As she searched through her pockets to find her keys to lock her door, she habitually looked up at the dry-erase board on the outside of her door. But this time she found something far different from anything she had read on it before — “No Ni***rs Please.”
Her stomach dropped, and a wave of nervous anxiety surged through her as she looked from left to right.
“I felt so alone looking at that note by myself,” she said, reflecting back on the moment. “I couldn’t believe that I saw this message. I didn’t think discrimination was still alive today to where I could actually see it physically right in front of my face.”
The incident sparked a wave of protest against discrimination on campus last fall — one similar to those that have happened throughout the civil rights movement in the U.S. — contributing to a legacy of black student activism on campus.
And as Black History month runs throughout February, many students and officials on campus are still in the fight for racial understanding.
Reflecting on the recent surge of black student activism at MSU, Lee June, a psychology professor and former vice president for student affairs and services, said activism is a natural progression to confront social issues.
“My belief is that with every generation, there are a set of issues and concerns that need to be pointed out in order to make the world a better place,” he said.
Some of the campus demonstrations throughout the years have mirrored those of historic black figures, June said.
June said Martin Luther King Jr. had a four-step strategy to resolving problems at the beginning of the civil rights era in the 1950s and 1960s. He would analyze the situation to see what needed to happen, attempt to negotiate with those in power, call for self-purification to equip for protesting and initiate nonviolent, direct action to bring issues to the attention of larger populations, he said.
Since June’s arrival on campus in 1973, he said he’s noticed student activists for civil rights taking King’s approach.
“Some of the things even you see (happening) today have happened in the past,” he said. “When there have been racial slurs or (negative) depictions of African Americans in the university environment, students have spoken up. Many times the activities on campus are parallel with some of the things that were happening in the nation.”
The need for activism on campus this past year grew after Mario Lemons, president of the Black Student Alliance, or BSA, said his group documented 10 racial incidents occurring in the first six weeks of the academic year — including a black doll found hanging by a noose in a classroom — and several more events have taken place since then.

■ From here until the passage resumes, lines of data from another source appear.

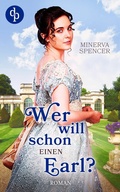 Cover: Wer will schon einen Earl? - dp DIGITAL PUBLISHERS GmbH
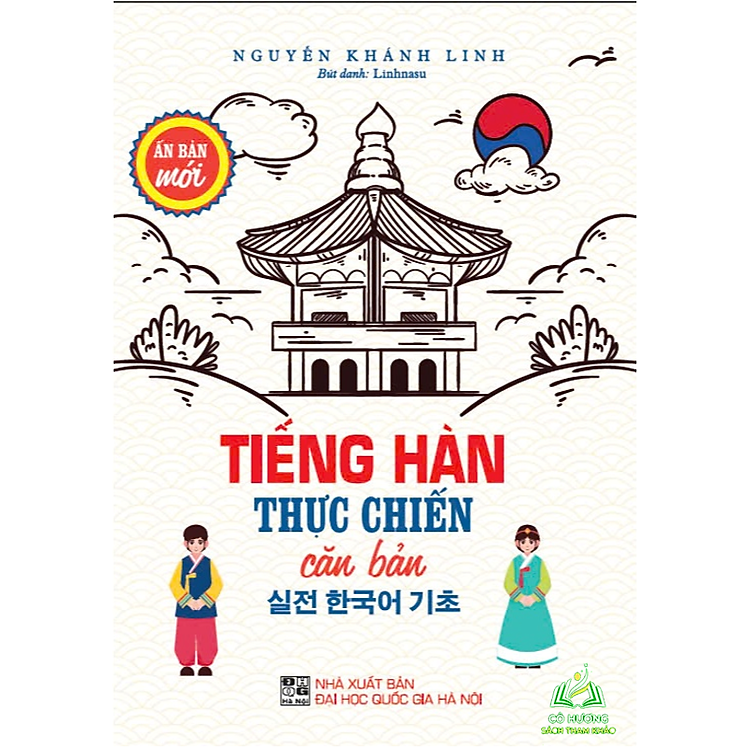 Tiếng Hàn Thực Chiến Căn Bản (Ấn Bản Mới)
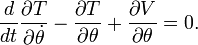 \ Frac {d} {dt} \ frac {\ T parcial} {\ partial \ dot {\ theta}} - \ frac {\ T parcial} {\ partial \ theta} + \ frac {\ V parcial} {\ partial \ theta} = 0.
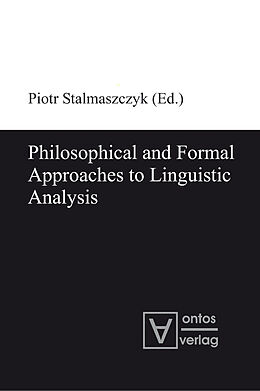 eBook (pdf) Philosophical and Formal Approaches to Linguistic Analysis de 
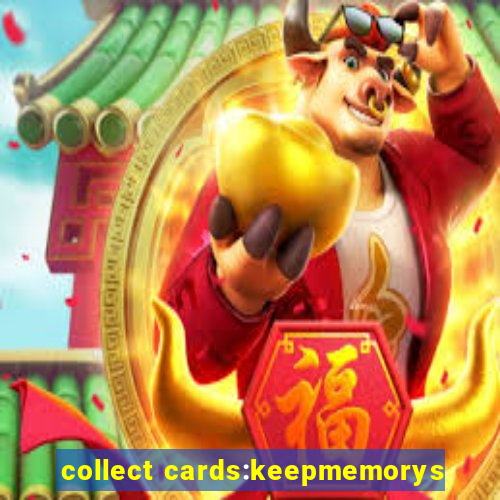 collect cards:keepmemorys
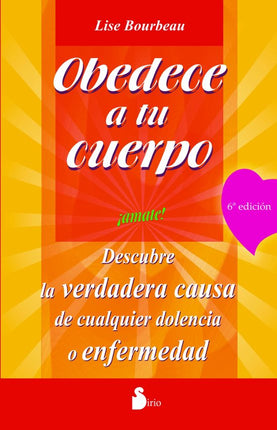 OBEDECE A TU CUERPO, AMATE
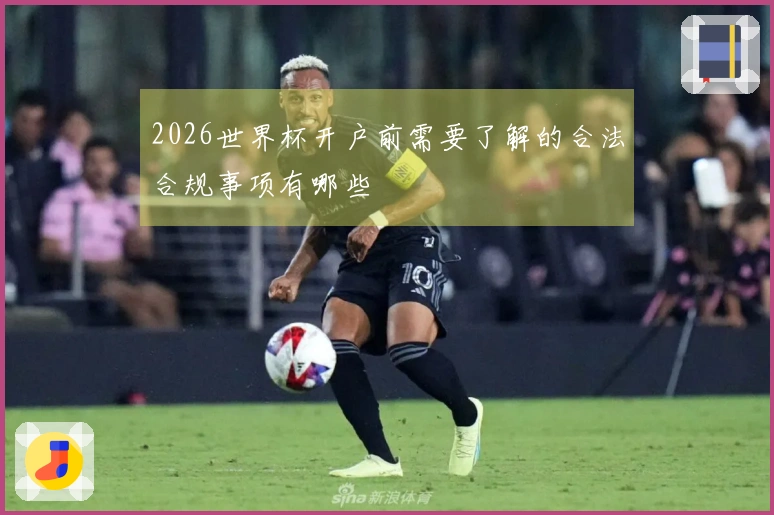 2026世界杯开户前需要了解的合法合规事项有哪些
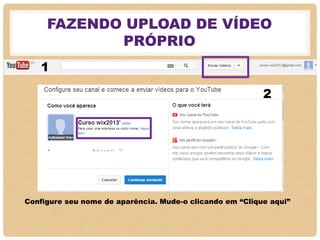 FAZENDO UPLOAD DE VÍDEO
PRÓPRIO
1
2
Configure seu nome de aparência. Mude-o clicando em “Clique aqui”
 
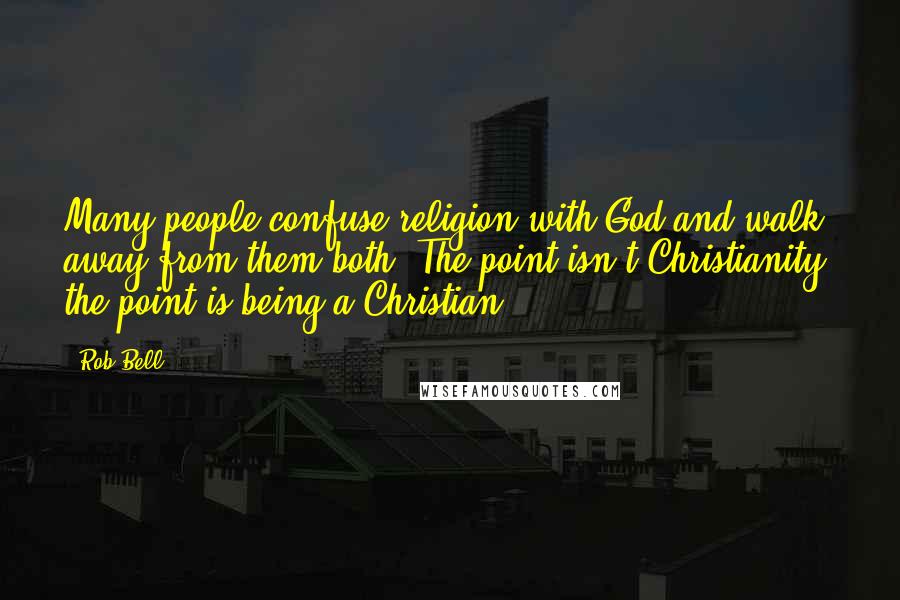 Rob Bell Quotes: Many people confuse religion with God and walk away from them both. The point isn't Christianity, the point is being a Christian.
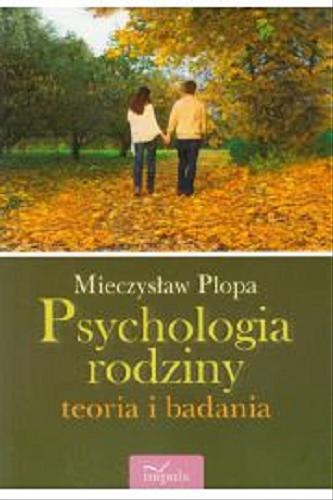 Okładka książki Psychologia rodziny : teoria i badania / Mieczysław Plopa.
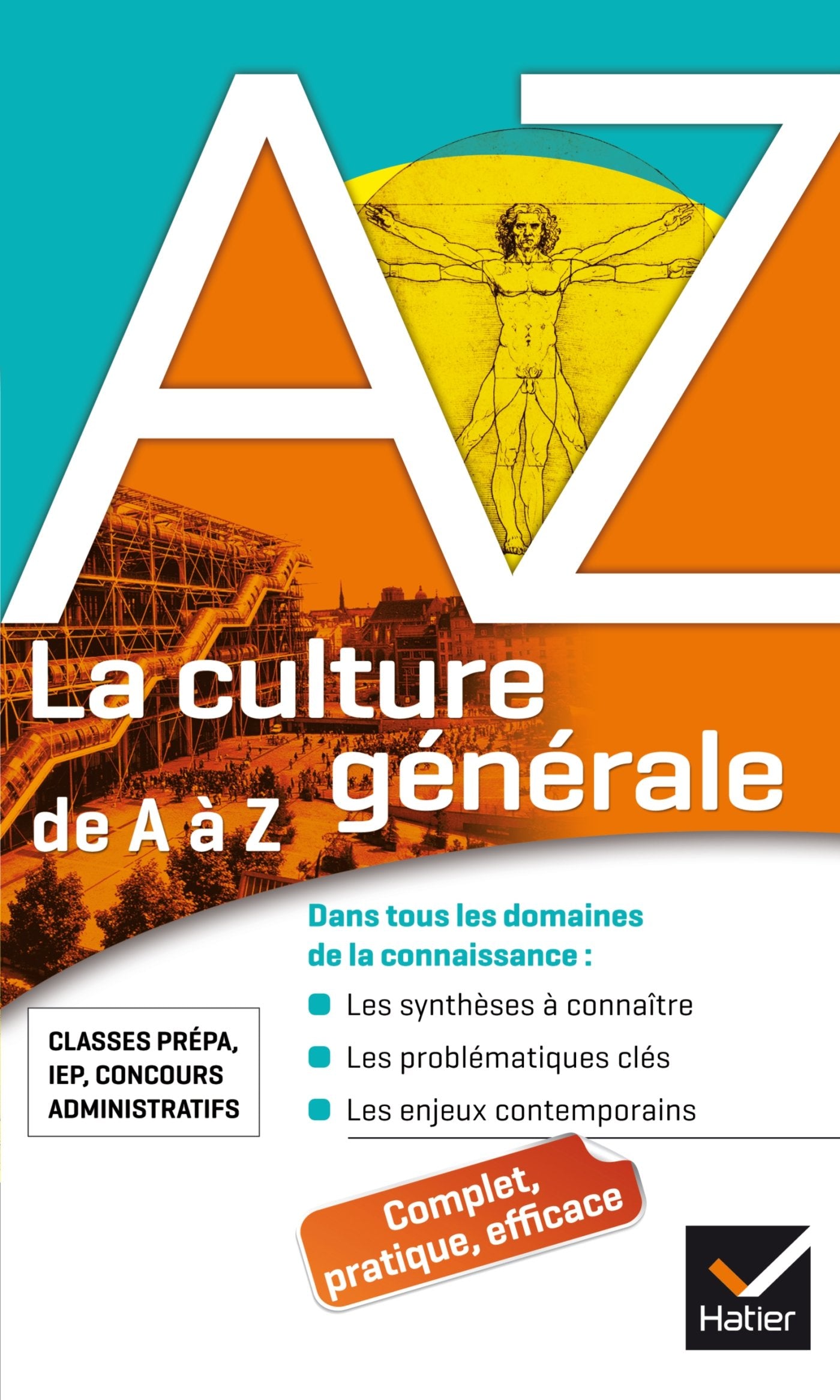 La culture générale de A à Z: classes prépa, IEP, concours administratifs... 9782218973925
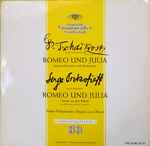 Cover for album: Peter Tchaikovsky / Serge Prokofieff – Berliner Philharmoniker · Lorin Maazel – Romeo Und Julia (Fantasie-Ouverture Nach Shakespeare) / Romeo Und Julia (Musik Aus Dem Ballett)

Sharp said she can empathize how other students must have felt — scared and targeted.
“I feel just as hurt as they do, and I really do understand their pain,” she said. “It’s bad enough I have to deal with the pressure of classes and final exams, I have to deal with begin called out for my skin color.”
President Lou Anna K. Simon sent two campuswide emails after the incidents denouncing racism at MSU.
Residential College in the Arts and Humanities assistant professor Austin Jackson said with more of the state’s black population living in cities and more white communities in rural or suburban areas in Michigan, he wasn’t surprised by the lack of racial understanding that caused the incidents.
The incidents could be a result of students who come from communities where racism exists and have never been exposed to diversity lashing out, he said.
“It’s a very segregated state,” he said. “I’d be more surprised if such incidents don’t happen.”
Keeping the legacy
Lemons said the key to finding effective approaches to persuade change and end the racial incidents is by studying the history of civil rights activism.
“We did tons of research to see what has been very effective in the past to see what we can do in the present to impact our future,” he said.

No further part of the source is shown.